_WHAT IS EXPECTED_
Exact reproduction required: the lines below from the line with "画像5: 総花柄 フリル" to the line with "Boreč - kaplička", both ends included, and no others.

(Short descriptive text snippets)
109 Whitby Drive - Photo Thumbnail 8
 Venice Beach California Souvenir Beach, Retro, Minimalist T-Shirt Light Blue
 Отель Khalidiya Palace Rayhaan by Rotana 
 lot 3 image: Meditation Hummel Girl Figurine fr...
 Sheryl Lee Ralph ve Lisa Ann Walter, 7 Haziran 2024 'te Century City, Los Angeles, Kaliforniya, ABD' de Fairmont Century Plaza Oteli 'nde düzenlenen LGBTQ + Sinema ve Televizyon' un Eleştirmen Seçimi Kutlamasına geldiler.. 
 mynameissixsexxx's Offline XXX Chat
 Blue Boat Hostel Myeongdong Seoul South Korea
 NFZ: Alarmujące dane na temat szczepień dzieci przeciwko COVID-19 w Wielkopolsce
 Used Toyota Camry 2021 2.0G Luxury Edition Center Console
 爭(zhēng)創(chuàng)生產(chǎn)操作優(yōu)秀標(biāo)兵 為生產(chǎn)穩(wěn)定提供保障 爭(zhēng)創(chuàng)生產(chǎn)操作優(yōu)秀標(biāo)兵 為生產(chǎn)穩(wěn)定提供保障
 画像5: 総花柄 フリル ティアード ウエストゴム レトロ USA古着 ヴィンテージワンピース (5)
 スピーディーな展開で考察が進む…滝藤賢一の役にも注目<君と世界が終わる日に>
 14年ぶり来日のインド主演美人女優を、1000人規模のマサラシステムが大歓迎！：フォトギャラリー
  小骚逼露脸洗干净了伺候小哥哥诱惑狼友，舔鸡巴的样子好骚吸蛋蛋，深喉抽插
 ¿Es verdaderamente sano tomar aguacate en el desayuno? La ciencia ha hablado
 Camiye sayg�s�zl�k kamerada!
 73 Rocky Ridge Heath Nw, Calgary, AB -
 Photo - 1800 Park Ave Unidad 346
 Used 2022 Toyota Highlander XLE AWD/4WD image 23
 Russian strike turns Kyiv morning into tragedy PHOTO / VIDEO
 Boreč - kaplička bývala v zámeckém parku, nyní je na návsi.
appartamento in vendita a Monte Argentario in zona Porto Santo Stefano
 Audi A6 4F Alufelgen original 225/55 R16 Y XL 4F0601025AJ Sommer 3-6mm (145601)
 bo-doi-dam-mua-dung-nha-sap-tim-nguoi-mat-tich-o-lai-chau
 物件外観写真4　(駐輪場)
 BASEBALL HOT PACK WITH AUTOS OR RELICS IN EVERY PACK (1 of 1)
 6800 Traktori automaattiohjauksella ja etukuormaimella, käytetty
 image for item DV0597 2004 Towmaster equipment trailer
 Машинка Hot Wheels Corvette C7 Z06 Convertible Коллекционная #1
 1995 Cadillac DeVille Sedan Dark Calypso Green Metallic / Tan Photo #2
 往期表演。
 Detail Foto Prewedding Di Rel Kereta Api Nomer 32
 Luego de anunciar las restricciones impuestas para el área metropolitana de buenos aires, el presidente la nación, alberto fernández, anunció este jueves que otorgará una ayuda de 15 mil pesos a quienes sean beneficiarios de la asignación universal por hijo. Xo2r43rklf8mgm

_SOLUTION TO THE PROBLEM_
 画像5: 総花柄 フリル ティアード ウエストゴム レトロ USA古着 ヴィンテージワンピース (5)
 スピーディーな展開で考察が進む…滝藤賢一の役にも注目<君と世界が終わる日に>
 14年ぶり来日のインド主演美人女優を、1000人規模のマサラシステムが大歓迎！：フォトギャラリー
  小骚逼露脸洗干净了伺候小哥哥诱惑狼友，舔鸡巴的样子好骚吸蛋蛋，深喉抽插
 ¿Es verdaderamente sano tomar aguacate en el desayuno? La ciencia ha hablado
 Camiye sayg�s�zl�k kamerada!
 73 Rocky Ridge Heath Nw, Calgary, AB -
 Photo - 1800 Park Ave Unidad 346
 Used 2022 Toyota Highlander XLE AWD/4WD image 23
 Russian strike turns Kyiv morning into tragedy PHOTO / VIDEO
 Boreč - kaplička bývala v zámeckém parku, nyní je na návsi.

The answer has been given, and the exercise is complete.